For parents, there’s also a lesson to be learned about placing expectations on children. Kennedy’s ill father is cruel to him throughout the film. It’s difficult to watch.
Finally, let’s not overlook the compromising situation in which Kennedy put himself. He was a married man with children, partying and then in the car with a single woman.
Scripture warns us: “You may be sure that your sin will find you out” (Num. 32:23). If we’re honest, most of us can list an example from our own lives where that happened. Thankfully, though, our personal-and-embarrassing moments aren’t portrayed on the big screen as they are in Chappaquiddick.

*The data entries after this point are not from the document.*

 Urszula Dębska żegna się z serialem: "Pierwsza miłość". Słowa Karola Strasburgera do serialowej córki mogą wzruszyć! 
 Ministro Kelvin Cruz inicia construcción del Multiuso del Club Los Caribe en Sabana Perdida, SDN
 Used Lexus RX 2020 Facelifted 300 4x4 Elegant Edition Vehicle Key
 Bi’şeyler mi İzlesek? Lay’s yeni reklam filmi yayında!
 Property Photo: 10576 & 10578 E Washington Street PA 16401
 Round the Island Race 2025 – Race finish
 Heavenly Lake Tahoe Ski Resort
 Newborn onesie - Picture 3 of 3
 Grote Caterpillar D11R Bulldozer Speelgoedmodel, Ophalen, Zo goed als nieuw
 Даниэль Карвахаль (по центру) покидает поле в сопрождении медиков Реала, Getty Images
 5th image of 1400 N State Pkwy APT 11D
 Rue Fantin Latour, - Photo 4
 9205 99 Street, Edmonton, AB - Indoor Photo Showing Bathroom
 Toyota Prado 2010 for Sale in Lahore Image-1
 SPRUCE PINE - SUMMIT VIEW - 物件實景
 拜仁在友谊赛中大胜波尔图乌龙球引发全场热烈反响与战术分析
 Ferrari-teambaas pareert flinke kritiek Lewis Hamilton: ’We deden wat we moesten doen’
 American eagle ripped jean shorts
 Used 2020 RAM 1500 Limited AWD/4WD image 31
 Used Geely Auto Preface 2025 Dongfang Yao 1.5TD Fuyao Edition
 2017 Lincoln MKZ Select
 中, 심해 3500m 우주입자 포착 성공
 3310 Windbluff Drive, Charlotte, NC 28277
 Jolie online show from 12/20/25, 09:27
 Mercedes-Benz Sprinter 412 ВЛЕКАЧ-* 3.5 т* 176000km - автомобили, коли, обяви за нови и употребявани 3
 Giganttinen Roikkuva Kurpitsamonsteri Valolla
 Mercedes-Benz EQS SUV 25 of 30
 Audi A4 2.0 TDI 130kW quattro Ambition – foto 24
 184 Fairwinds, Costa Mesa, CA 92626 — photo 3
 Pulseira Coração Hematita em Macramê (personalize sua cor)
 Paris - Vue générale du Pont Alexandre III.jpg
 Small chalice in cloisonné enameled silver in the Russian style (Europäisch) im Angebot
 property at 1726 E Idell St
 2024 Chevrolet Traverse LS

Additionally, even the sins we think we have escaped in this world are known by an omniscient, omnipresent God: “Nothing in all creation is hidden from God’s sight. Everything is uncovered and laid bare before the eyes of Him to whom we must give account” (Heb. 4:13). One day, all of us will answer for our sinful deeds.
What I Liked
Clarke is great as Kennedy, masterfully copying the mannerisms, the accent and the quirks. The screenplay, too, is well-written. It’s not easy making a movie when everyone knows how it will end. But in Chappaquiddick, I never lost interest. It is well-produced. Also, hats off to the filmmakers for staying away from a possible Kennedy-Kopechne love story. We don’t even see them kiss. Kennedy’s reaction to his father’s harmful words is enjoyable, too.
What I Didn’t Like
The strong language.
- In America, are you more likely to get away with a crime if you are wealthy?
- Should Kennedy’s legacy have been tarred because of Chappaquiddick? If he had told the truth, would it/should it have made a difference?
- Do our sins always find us out (Num. 32:23)?
- Did the expectations that his father placed on him change your attitude about Kennedy?
Chappaquiddick is rated PG-13 for thematic material, disturbing images, some strong language, and historical smoking.
Entertainment rating: 3.5 out of 5 stars. Family-friendly rating: 3 out of 5 stars.